Directions> Only one span of the listing below is wanted: the lines from the one with "What if you" through the one with "Thank you, and", reproduced exactly, both ends kept.

--- Provided records ---

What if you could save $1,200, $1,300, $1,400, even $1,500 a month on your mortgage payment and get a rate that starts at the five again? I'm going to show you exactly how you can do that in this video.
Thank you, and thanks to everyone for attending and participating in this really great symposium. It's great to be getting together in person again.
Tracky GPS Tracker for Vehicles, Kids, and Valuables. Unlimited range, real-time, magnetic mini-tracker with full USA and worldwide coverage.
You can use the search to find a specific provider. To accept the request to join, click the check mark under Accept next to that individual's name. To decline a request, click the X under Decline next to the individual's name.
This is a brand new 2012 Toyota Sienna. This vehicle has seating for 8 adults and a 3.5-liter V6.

---
--- Provided records ---

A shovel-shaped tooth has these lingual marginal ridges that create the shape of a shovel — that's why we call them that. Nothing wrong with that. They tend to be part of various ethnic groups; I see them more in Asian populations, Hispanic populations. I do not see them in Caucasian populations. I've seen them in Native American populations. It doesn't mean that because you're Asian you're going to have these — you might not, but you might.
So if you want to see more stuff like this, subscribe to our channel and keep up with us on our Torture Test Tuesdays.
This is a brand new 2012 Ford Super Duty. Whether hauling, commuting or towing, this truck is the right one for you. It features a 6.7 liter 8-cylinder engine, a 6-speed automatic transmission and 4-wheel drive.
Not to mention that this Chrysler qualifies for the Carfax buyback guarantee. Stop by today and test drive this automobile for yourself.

---
--- Provided records ---

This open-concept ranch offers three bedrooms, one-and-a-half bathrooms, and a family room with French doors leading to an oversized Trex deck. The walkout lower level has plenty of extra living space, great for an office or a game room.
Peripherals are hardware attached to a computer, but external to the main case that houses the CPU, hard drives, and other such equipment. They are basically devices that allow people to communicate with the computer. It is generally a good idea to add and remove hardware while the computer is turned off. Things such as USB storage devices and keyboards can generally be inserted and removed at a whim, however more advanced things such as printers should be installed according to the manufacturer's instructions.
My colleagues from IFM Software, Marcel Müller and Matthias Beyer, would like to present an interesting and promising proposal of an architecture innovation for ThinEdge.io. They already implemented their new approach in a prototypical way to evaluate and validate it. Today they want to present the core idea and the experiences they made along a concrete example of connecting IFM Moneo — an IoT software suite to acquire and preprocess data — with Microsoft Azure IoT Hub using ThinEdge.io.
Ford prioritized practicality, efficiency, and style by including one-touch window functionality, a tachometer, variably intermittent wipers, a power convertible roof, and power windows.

---

Answer to the problem>
What if you could save $1,200, $1,300, $1,400, even $1,500 a month on your mortgage payment and get a rate that starts at the five again? I'm going to show you exactly how you can do that in this video.
Thank you, and thanks to everyone for attending and participating in this really great symposium. It's great to be getting together in person again.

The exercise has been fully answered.